Page MenuHomePhabricator

an-coord1001 hive metastore not listening on ipv6
Closed, ResolvedPublic5 Estimated Story Points

Description

Hive metastore should be listening for thrift connections on port 9083. When pointing airflow at an-coord1001.eqiad.wmnet:9083 it errors out with connection refused, as dns returned an ipv6 address but metastore only appears to be listening on ipv4. For the moment i've hardcoded an-coord1001's ipv4 address into the airflow config, but ideally hive should listen on both.

Event Timeline

Restricted Application added a subscriber: Aklapper. · View Herald Transcript

Interesting, I have never realized this. The hive daemons are running with -Djava.net.preferIPv4Stack=true, probably similar to all the other hadoop daemons (see T225296#5295016). We can try to set -Djava.net.preferIPv4Stack=false in Hadoop testing and see how it goes.

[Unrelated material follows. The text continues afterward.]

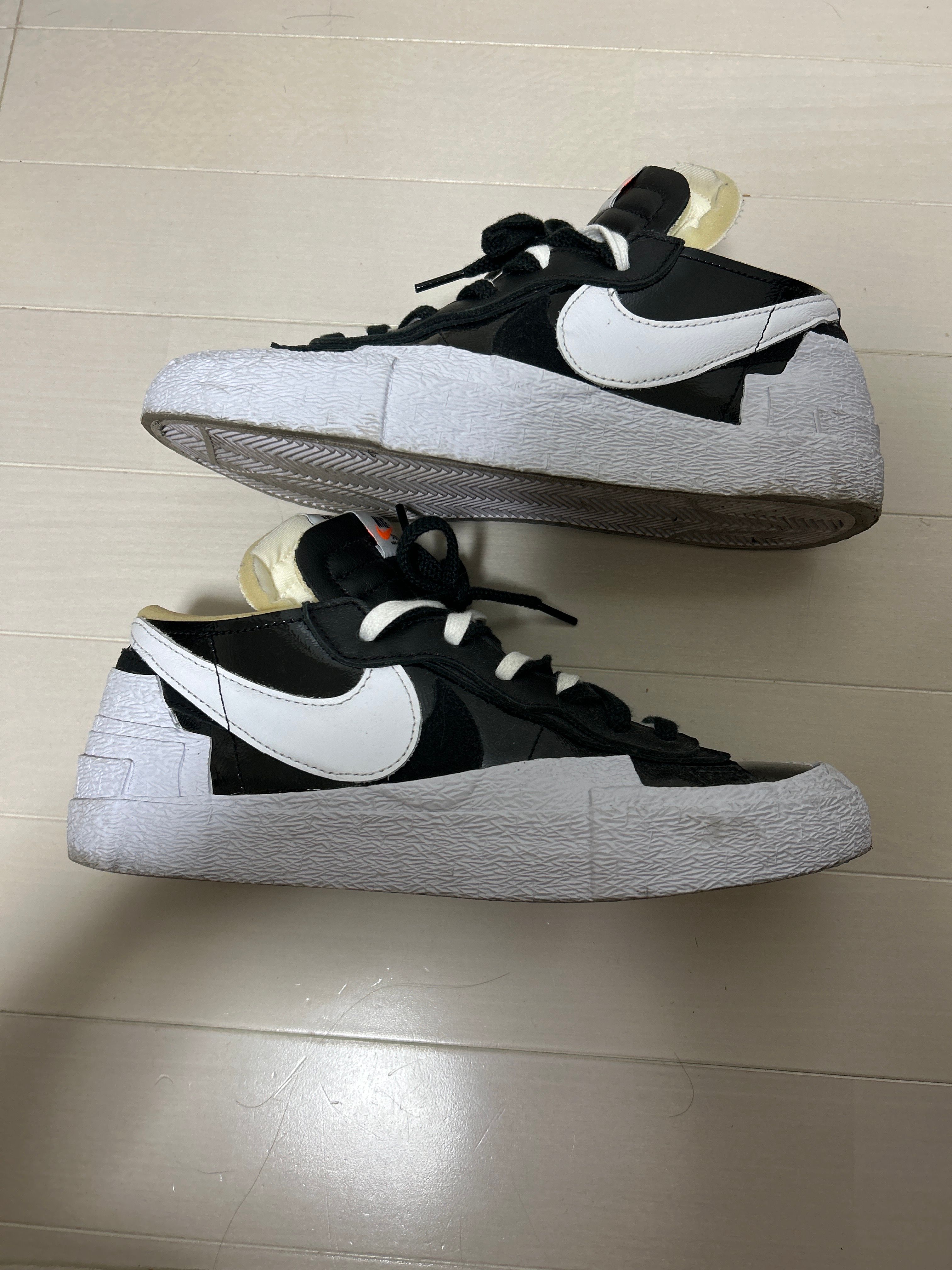 sacai × Nike Blazer Low "Black Patent Leather"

I doubt we want to prefer IPv6, (do we?) but maybe we can make Hive listen on both IPs?

Change 556198 had a related patch set uploaded (by Elukey; owner: Elukey):
[operations/puppet@production] role::analytics_test_cluster::coordinator: use IPv6 in Hive

https://gerrit.wikimedia.org/r/556198

Change 556198 merged by Elukey:
[operations/puppet@production] role::analytics_test_cluster::coordinator: use IPv6 in Hive

https://gerrit.wikimedia.org/r/556198

Very interesting:

/usr/lib/jvm/java-8-openjdk-amd64/jre/bin/java -Xmx256m -Xms4g -Xmx10g -Xms4g -Xmx10g -Djava.net.preferIPv4Stack=false -Dcom.sun.management.jmxremote.port=9979 -Dcom.sun.management.jmxremote.ssl=false -Dcom.sun.management.jmxremote.authenticate=false -Dhive.log.dir=/var/log/hive -Dhive.log.file=hive-metastore.log -Dhive.log.threshold=INFO -Dhadoop.log.dir=/usr/lib/hadoop/logs -Dhadoop.log.file=hadoop.log -Dhadoop.home.dir=/usr/lib/hadoop -Dhadoop.id.str= -Dhadoop.root.logger=INFO,console -Djava.library.path=/usr/lib/hadoop/lib/native -Dhadoop.policy.file=hadoop-policy.xml -Djava.net.preferIPv4Stack=true -Djava.util.logging.config.file=/etc/hive/conf.analytics-test-hadoop/java-logging.properties -Dhadoop.security.logger=INFO,NullAppender org.apache.hadoop.util.RunJar /usr/lib/hive/lib/hive-service-1.1.0-cdh5.16.1.jar org.apache.hadoop.hive.metastore.HiveMetaStore

As you can see adding -Djava.net.preferIPv4Stack=false in hive-env.sh didn't add it as last, so it gets overridden by java.net.preferIPv4Stack=true eventually. I was expecting to find the =true occurrence in /usr/lib/hive, but I was wrong. Will need to do some more research :)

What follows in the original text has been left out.